Si les renseignements personnels des clients ont été volés, il faut répondre à la question très rapidement : doit-on le faire savoir dans les heures qui suivent ? « La communication externe, c’est autre chose que la communication interne, avec les employés, explique Me Grenier. À l’externe, on va gérer l’attention des médias. On va vouloir se faire rassurants, projeter une image de contrôle et écrire notre propre histoire avant que quelqu’un le fasse avant nous. »

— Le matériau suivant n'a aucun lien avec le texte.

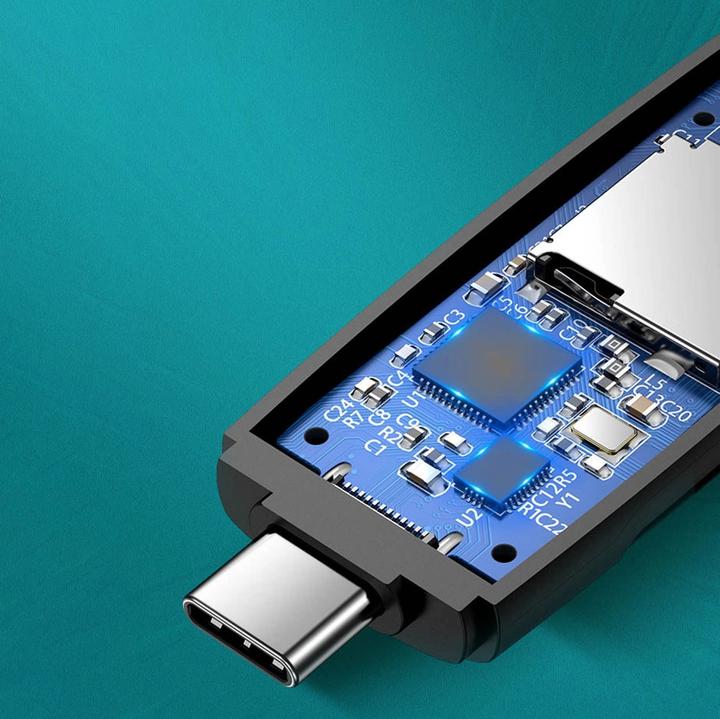 Actual product image Ugreen CM304 USB + USB-C Adapter Card Reader SD + microSD (black) (USB-C)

Toutefois, elle suggère de réfléchir avant de tout dévoiler sur la place publique. Quel est l’objectif ? Parle-t-on de l’entreprise, actuellement ? A-t-on besoin de s’afficher immédiatement ? « Tout ça se fera en faisant la balance des pour et des contre et en soupesant les craintes que les gens peuvent avoir par rapport à l’incident et à vos activités. »

Me Grenier suggère aussi de réfléchir aux différents modes de communication avec les médias. A-t-on besoin de donner une conférence de presse ? Faut-il que le président de l’entreprise fasse la tournée des stations de radio et de télé de la province pour donner des entrevues ? Est-ce qu’un simple communiqué de presse peut faire le travail ?

Comme avocate, Me Grenier veut garder le dialogue avec les responsables des communications et être informée de ce qui va se dire et s’écrire pour apporter son point de vue. Elle veut aussi faire en sorte que l’entreprise ne se rende pas trop vulnérable, notamment aux demandes de recours collectifs.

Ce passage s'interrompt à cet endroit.